• Brief
Your output should consist solely of the lines from the one holding "new 2026 Mercedes-Benz GLC car" to the end of the records below, inclusive, reproduced exactly and free of pictures.

--------------------

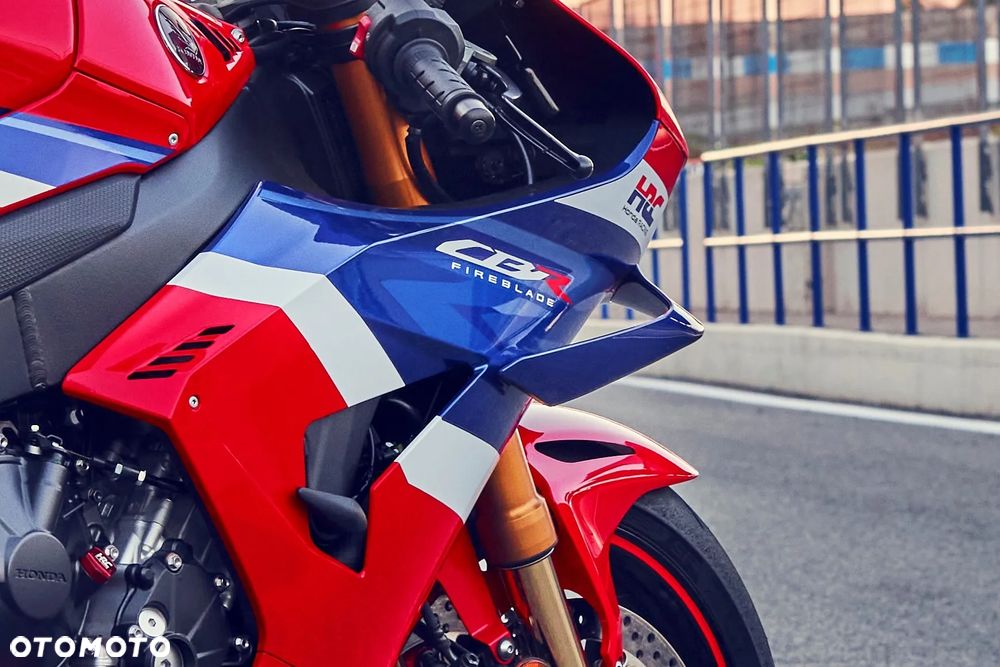Honda CBR - 8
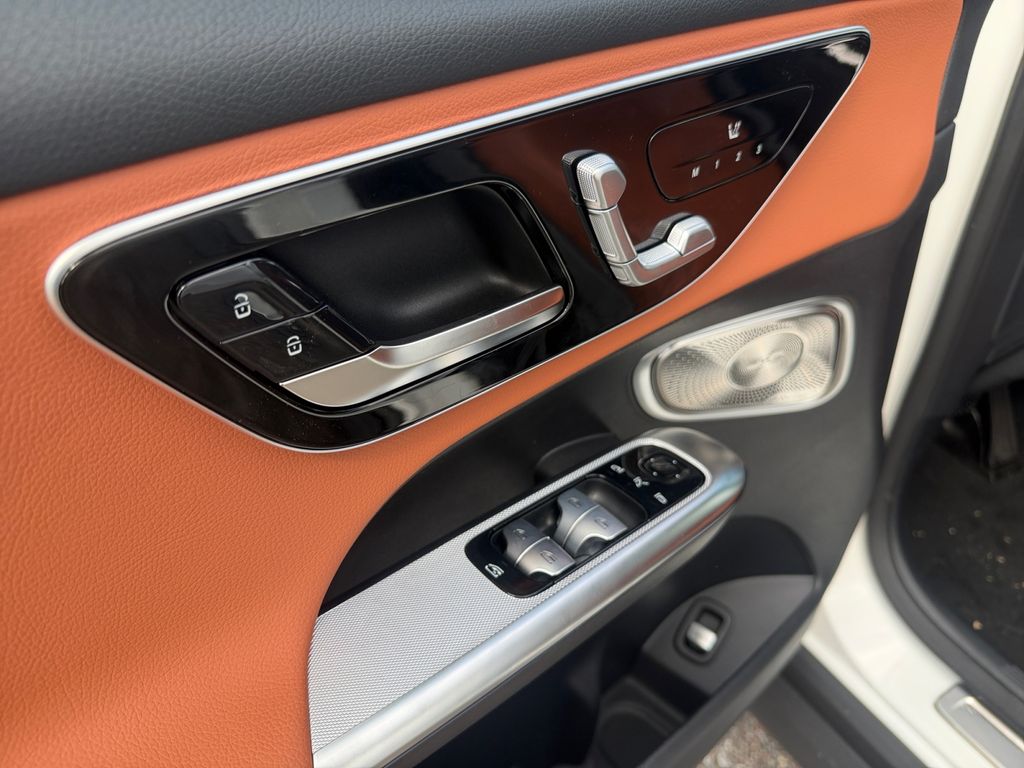new 2026 Mercedes-Benz GLC car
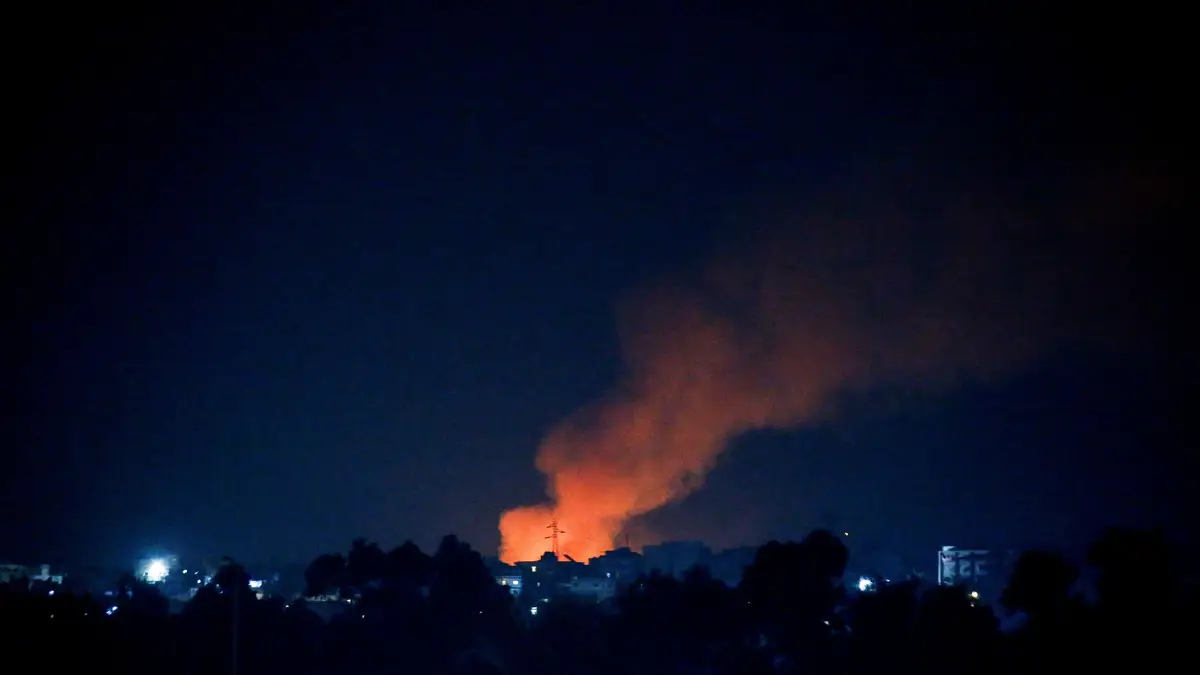 Ataque israelita visto da cidade de Tiro, no Líbano a 28 de setembro de 2024.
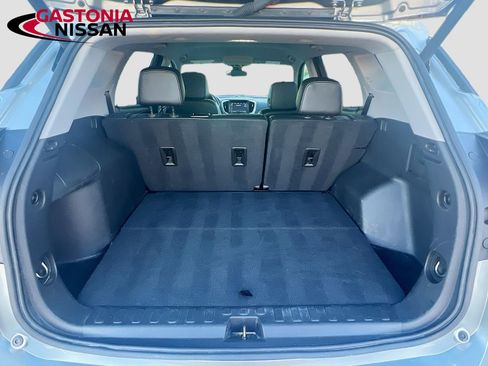 Used 2024 GMC Terrain SLT image 34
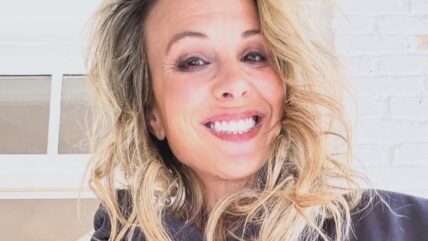 Elisabeth Hasselbeck selfie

--------------------

• Task answer
new 2026 Mercedes-Benz GLC car
 Ataque israelita visto da cidade de Tiro, no Líbano a 28 de setembro de 2024.
 Used 2024 GMC Terrain SLT image 34
 Elisabeth Hasselbeck selfie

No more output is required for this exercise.